The St. Michael-Albertville school district has had a remarkable streak of growth since the two towns began shifting from rural communities to exurban cities during the 1990s. However, the district’s rapid growth rate looks to be slowing down at least through the 2020-21 school year.
School district superintendent Dr. Ann-Marie Foucault laid out all this information during last Monday’s enrollment report to the school board. She said STMA grew between 7.1 and 8.1 percent per year from 2004 through 2007, then growth slowed somewhat to between 3.6-4.6 percent annually from 2008-2012. 2013 marked the first year that growth fell below 3 percent annually, but the pace continued all the way until 2017, when the district grew 1.25 percent over last year. The future calls for more growth, but at a slower pace: between .86-1.8 percent per year.

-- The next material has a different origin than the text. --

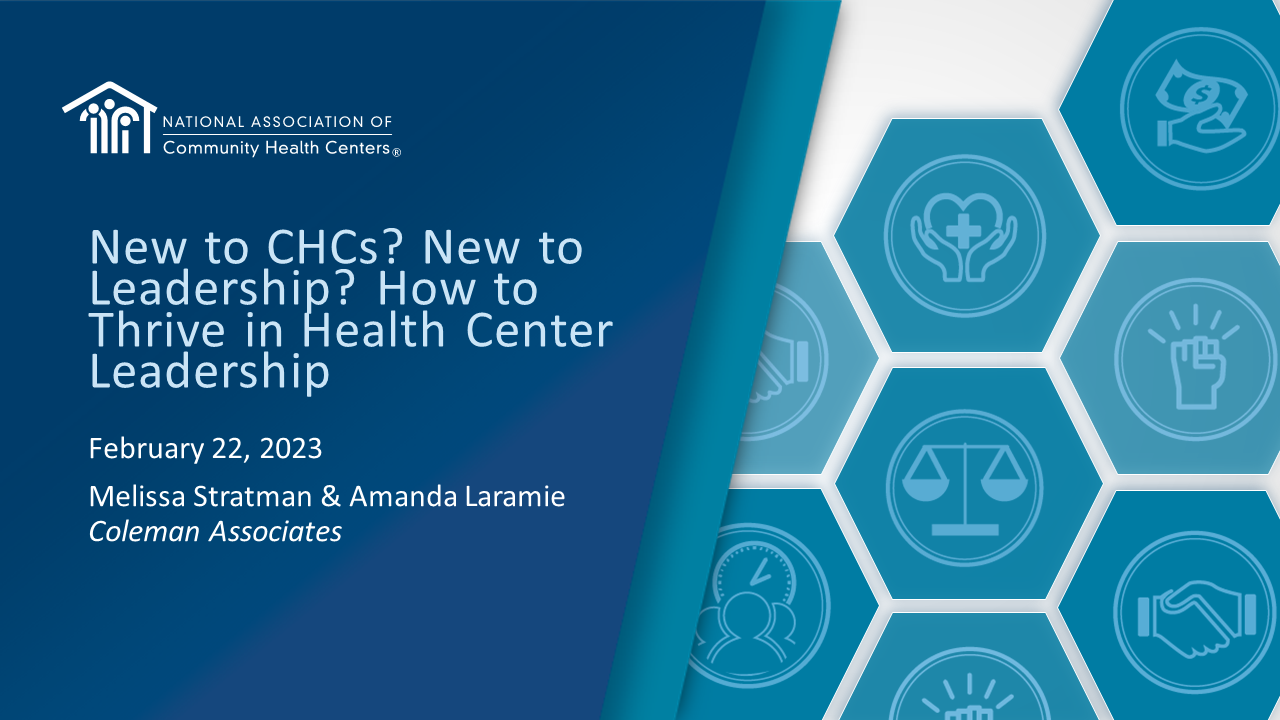 New to CHCs? New to Leadership? How to Thrive in Health Center Leadership icon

The district’s growth fell just shy of demographer projections for the current school year, with a current total of 6,279 K-12 students compared with the projected 6,294. However, the number is higher than the district’s own conservative estimate of 6,212, which they made due to uncertainty over how many families may choose to attend Otsego’s new E-8 school that opened this fall. As it turned out, the district had almost no existing families switch from STMA to Otsego’s new Prairie View school. Projections call for a K-12 student population of 6,552 by the 2020-21 school year.
“So far, what they said would happen is happening,” Foucault said of the demographer’s report.
The big population bubble of students is now between grades 4-10, each of which has a class size of 480 or above, with grades 6-10 all having over 500 students and grade 5 just two students shy of 500. Grades 3 and below are notably smaller, between 415-457 students each. This year’s kindergarten class is the smallest in the entire district at 415.
The school district is slightly more diverse than ever before, with 2017 marking the first year the percent of Caucasian students dipped below 90 percent. Currently 88.82 percent of students are Caucasian. Despite the slight increase in diversity there has also been a small dip in the percentage of English Language Learners in the district, which fell to 1.61 percent in 2017 compared with over 2 percent each of the three years prior to that.
Another special population that shrunk slightly last year was the number of students receiving free and reduced lunch. The district’s percentage of students receiving free or reduced lunch peaked in 2013 at just over 15 percent of students, but the number has fallen steadily in the years since and now sits at 11.69 percent.
The open enrollment population has continued to grow despite Otsego’s new E-8 school’s opening, with 994 total open enrolled students for this school year compared with 861 last year.
One other special population the district tracks is its special education population, which rose last year to 9.18 percent. The previous three years all had special education rates around 8.5 percent of the student population.Foucault said this is the lowest percentage of special education out of the four school districts that make up their special ed. co-op.